His own hobby was collecting antique pawnbroker’s balls, whose history he traced to the Medici. Inordinate sleep was a necessity for him after he was bitten by a tsetse fly in Malawi as a missionary. “I can always tell what time of day it is. When I awake in my pajamas I know it is time for Mass and when I awake in my trousers I know it is time for tea.” . . . He imputed eccentricity to another only once in my presence. A maths don in his undergraduate days had developed a conceit that he was turning into a mushroom, like Gaius Caligula who thought he was made of glass. [Maycock] added, rather chillingly, I thought, that there was no truth to it.

Which raises the issue of eccentricity, on which Father Rutler makes a pregnant comment, quite offhandedly, later in the book. Describing the courage of Catholic bishop Austin Vaughan in standing up to liberal Church bureaucrats, Rutler remarks, “He was patronized as an eccentric by the self-centered.” What wisdom there is in this casual phrase! It is a great insight into the nature of personality. A society calls those “eccentric” who do not share society’s own fads and obsessions — when in fact those people may well be quite properly centered in the individuality God gave them, as opposed to ec-centric, “out-centered” in mere conformism.
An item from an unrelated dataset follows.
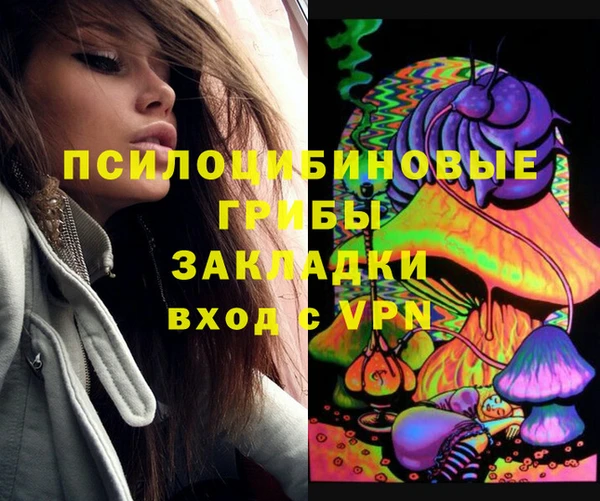 шишки Бородино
Rutler reveals that Bill Buckley “regularly sent me [his novels] in the vain expectation that I would read them; they were not his best writing, and I do not read novels anyway, as every day in real life is more thrilling than any fiction.” Let not the reader jump too hastily to accuse Rutler of philistinism here; I believe he’s on to a very important truth. Why, after all, do we read fiction? Is it not, in large part, to try to understand our common human condition, to make sense of its bewildering diversity, to make joyful discoveries about it? What Rutler is celebrating is precisely that diversity that so baffles us — what John Duns Scotus called haecceitas, that irreducible this-ness that God had in mind in creating an individual. (Scotus, by the way, is a writer I have long recommended to my colleagues. “Scotus for Ramesh,” I like to say.) I think Rutler is not condemning fiction so much as contextualizing it — suggesting that fictions bear to life somewhat the same relation that books about contemplative prayer do to contemplative prayer. They help, but their orientation is toward an object greater than themselves, and the time comes when they must be left behind.

A reader of this book will have hours of fun, and flashes of happy understanding. Strongly recommended.